### Exercise objective
Among the records below, find the line that has "Salted nuts on bowl on white background"; from there, give the lines again exactly, and stop after the line that has "Um hotel de".

### Information supplied
* * * * *

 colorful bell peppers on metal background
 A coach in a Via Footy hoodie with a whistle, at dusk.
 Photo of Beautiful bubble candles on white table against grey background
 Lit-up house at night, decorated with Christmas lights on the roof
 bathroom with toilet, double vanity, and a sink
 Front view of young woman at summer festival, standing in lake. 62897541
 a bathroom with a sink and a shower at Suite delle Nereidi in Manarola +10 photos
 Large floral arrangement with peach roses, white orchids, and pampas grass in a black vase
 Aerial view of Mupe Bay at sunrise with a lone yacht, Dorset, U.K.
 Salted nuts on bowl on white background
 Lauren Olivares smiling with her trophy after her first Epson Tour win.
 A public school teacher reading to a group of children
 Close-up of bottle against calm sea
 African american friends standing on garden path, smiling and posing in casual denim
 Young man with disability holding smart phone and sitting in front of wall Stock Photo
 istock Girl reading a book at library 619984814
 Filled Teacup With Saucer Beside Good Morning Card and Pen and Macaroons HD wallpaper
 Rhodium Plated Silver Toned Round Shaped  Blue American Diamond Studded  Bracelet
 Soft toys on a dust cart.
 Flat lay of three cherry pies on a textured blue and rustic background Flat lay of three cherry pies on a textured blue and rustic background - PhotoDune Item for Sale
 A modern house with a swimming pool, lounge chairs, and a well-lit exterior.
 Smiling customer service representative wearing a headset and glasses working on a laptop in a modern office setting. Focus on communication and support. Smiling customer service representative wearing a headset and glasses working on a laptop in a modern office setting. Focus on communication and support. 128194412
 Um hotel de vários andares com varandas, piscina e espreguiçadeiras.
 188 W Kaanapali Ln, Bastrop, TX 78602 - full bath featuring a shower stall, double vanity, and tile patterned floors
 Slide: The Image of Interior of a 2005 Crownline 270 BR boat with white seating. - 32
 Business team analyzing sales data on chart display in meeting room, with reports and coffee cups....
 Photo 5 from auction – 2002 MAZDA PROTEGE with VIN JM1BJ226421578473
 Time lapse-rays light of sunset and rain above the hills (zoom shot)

* * * * *

### Answer below
 Salted nuts on bowl on white background
 Lauren Olivares smiling with her trophy after her first Epson Tour win.
 A public school teacher reading to a group of children
 Close-up of bottle against calm sea
 African american friends standing on garden path, smiling and posing in casual denim
 Young man with disability holding smart phone and sitting in front of wall Stock Photo
 istock Girl reading a book at library 619984814
 Filled Teacup With Saucer Beside Good Morning Card and Pen and Macaroons HD wallpaper
 Rhodium Plated Silver Toned Round Shaped  Blue American Diamond Studded  Bracelet
 Soft toys on a dust cart.
 Flat lay of three cherry pies on a textured blue and rustic background Flat lay of three cherry pies on a textured blue and rustic background - PhotoDune Item for Sale
 A modern house with a swimming pool, lounge chairs, and a well-lit exterior.
 Smiling customer service representative wearing a headset and glasses working on a laptop in a modern office setting. Focus on communication and support. Smiling customer service representative wearing a headset and glasses working on a laptop in a modern office setting. Focus on communication and support. 128194412
 Um hotel de vários andares com varandas, piscina e espreguiçadeiras.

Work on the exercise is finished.